Data to examine START

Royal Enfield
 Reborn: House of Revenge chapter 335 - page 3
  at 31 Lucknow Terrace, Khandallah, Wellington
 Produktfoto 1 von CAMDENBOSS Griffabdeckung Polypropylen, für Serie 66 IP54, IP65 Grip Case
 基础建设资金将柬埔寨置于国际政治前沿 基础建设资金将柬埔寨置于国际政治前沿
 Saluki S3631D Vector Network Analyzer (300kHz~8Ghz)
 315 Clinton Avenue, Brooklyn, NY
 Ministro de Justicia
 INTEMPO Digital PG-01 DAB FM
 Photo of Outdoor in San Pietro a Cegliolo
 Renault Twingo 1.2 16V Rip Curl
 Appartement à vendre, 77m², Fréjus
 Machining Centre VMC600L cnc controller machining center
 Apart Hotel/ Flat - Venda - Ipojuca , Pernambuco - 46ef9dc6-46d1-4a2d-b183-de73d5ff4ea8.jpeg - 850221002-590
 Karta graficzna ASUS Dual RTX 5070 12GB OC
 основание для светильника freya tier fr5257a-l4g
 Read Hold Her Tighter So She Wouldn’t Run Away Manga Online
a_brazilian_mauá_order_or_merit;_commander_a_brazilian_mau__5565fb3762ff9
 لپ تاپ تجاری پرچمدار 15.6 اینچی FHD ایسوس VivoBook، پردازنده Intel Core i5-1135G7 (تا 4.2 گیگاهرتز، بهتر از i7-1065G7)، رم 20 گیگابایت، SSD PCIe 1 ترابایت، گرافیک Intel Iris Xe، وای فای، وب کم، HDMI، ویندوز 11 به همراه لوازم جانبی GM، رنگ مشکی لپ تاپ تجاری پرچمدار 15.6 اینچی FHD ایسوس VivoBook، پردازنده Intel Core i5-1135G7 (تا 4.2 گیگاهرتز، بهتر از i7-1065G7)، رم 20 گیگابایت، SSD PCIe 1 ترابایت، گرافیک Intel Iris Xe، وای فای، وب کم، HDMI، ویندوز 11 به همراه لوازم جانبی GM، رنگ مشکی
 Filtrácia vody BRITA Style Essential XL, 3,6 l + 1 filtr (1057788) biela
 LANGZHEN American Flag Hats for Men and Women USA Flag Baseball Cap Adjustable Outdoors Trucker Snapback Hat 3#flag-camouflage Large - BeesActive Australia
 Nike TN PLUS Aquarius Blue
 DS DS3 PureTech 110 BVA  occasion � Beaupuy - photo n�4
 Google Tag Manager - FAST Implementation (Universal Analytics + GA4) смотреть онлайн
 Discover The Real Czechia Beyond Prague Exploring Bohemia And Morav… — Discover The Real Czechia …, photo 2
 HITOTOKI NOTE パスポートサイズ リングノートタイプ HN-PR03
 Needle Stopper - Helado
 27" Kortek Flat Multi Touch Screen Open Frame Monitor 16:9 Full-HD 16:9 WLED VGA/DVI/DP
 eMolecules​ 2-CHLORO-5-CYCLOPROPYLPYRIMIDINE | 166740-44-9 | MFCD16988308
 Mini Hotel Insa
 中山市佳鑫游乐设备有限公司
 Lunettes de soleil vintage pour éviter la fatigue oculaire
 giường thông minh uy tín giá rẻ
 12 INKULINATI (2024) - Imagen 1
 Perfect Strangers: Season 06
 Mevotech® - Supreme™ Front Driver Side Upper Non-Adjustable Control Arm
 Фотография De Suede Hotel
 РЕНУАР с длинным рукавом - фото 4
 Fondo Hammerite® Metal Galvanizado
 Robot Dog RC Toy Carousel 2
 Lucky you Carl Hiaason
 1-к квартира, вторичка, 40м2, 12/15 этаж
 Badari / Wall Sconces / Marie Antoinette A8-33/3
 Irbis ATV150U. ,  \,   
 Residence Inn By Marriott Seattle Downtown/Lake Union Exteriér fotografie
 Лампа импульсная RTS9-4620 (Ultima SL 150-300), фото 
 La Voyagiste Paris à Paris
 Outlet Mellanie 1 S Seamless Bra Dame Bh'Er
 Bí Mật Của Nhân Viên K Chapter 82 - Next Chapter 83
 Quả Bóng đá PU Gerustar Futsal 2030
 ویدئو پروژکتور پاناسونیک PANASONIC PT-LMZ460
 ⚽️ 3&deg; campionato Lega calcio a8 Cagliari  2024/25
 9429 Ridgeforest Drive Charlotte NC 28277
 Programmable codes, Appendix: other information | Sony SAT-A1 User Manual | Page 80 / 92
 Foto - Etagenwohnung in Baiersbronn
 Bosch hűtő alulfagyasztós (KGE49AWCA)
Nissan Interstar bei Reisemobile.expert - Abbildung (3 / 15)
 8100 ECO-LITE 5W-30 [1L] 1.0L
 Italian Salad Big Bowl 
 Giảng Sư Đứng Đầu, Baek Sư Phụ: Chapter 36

Data to examine END

## Work order
Taking the material above, extract exactly and only the lines from the line with "Fondo Hammerite® Metal Galvanizado" to the line with "Nissan Interstar bei", inclusive of both.

## Answer section
 Fondo Hammerite® Metal Galvanizado
 Robot Dog RC Toy Carousel 2
 Lucky you Carl Hiaason
 1-к квартира, вторичка, 40м2, 12/15 этаж
 Badari / Wall Sconces / Marie Antoinette A8-33/3
 Irbis ATV150U. ,  \,   
 Residence Inn By Marriott Seattle Downtown/Lake Union Exteriér fotografie
 Лампа импульсная RTS9-4620 (Ultima SL 150-300), фото 
 La Voyagiste Paris à Paris
 Outlet Mellanie 1 S Seamless Bra Dame Bh'Er
 Bí Mật Của Nhân Viên K Chapter 82 - Next Chapter 83
 Quả Bóng đá PU Gerustar Futsal 2030
 ویدئو پروژکتور پاناسونیک PANASONIC PT-LMZ460
 ⚽️ 3&deg; campionato Lega calcio a8 Cagliari  2024/25
 9429 Ridgeforest Drive Charlotte NC 28277
 Programmable codes, Appendix: other information | Sony SAT-A1 User Manual | Page 80 / 92
 Foto - Etagenwohnung in Baiersbronn
 Bosch hűtő alulfagyasztós (KGE49AWCA)
Nissan Interstar bei Reisemobile.expert - Abbildung (3 / 15)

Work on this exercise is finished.